A vida profissional de Cláudia começou a decolar, e a vida amorosa também parecia promissora.
"Depois de tudo isso, aos 20 anos, conheci uma pessoa e tentei viver uma relação normal. Quando você é fetichista até tenta, se adapta, mas não muda. E eu estava cansada do que estava acontecendo porque sabia que ele me traía, e aí cansei. Ele me humilhou muito. Quando saí de casa, fui para Belo Horizonte e nunca mais voltei."
Na capital mineira, a proposta de uma amiga de Cláudia, uma acompanhante de luxo, transformaria radicalmente sua vida —mais uma vez.
"Ela falou: 'Tenho um cliente que tem um fetiche diferente, só que não tem como eu atender, mas acho que você pode. Ele quer se imaginar treinador, você tem que estar de roupa de luta. E ele não quer nada com você, só quer imaginar te treinando'. Eu treinava muay thai, boxe, jiu-jitsu. Tinha roupa, luva de boxe, protetor de boca, tudo. E a partir daí comecei a atender fetiches, fantasias." Ali nascia a Inara, uma dominadora profissional.
"Quero que o corno vá à agência bancária de calcinha"
"Já entendia o que era o findom porque tive vários submissos, desde sempre. E aí comecei a trilhar o meu caminho, a conhecer, entender, ir a festas", diz Cláudia, referindo-se a um fetiche associado ao BDSM e à humilhação erótica onde um submisso envia "tributos", ou seja, dinheiro ou presentes a uma dominadora financeira seguindo as ordens dela.
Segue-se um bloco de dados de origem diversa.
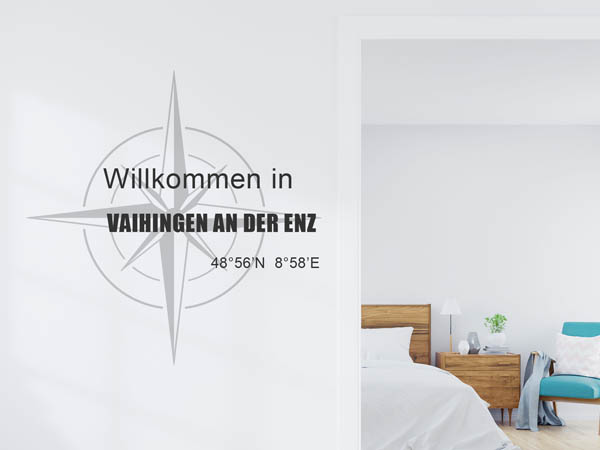 Wandtattoo Willkommen in Vaihingen an der Enz mit den Koordinaten 48°56'N 8°58'E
"Cobro quatro dígitos da pessoa que tem uma sessão comigo porque posso fazer isso. Tenho nome, história, tudo o que alguém procura para viver o BDSM"
Para a dominadora profissional, a dominação financeira é uma válvula de escape para quem tem muito dinheiro.
"Todos os meus cornos têm uma vida financeira estável. É presidente de multinacional, é o diretor de tal lugar, é o cara que tem 35 imóveis. Um submisso é um cara que diariamente tem essa responsabilidade de liderar e ele quer sair, ele quer entender como funciona o outro lado, e perder o controle. Dinheiro representa poder. Não quero que o sub me faça um pix. Quero que ele vá até a agência, pegue um envelope e escreva 'eu sou um trouxa da Inara'. Que vá de calcinha, bata uma foto e me mande o comprovante", narra.
"Quero que todo mundo do banco veja o que ele está fazendo. Quero que ele seja humilhado. É um prazer recíproco. Assim como o findom, o BDSM tem outras formas de prazer não relacionadas ao coito, ao sexo. Desperta a libido", diz.
"Conheci de tudo até construir essa pessoa que sou hoje. E sempre falei: 'Preciso alcançar um lugar em que eu conte minha história e as pessoas respeitem o que aconteceu comigo. De fetichista, de acompanhante, de casada, dos abusos... As pessoas me respeitam por causa disso, porque sou uma sobrevivente. Essa é a verdade'."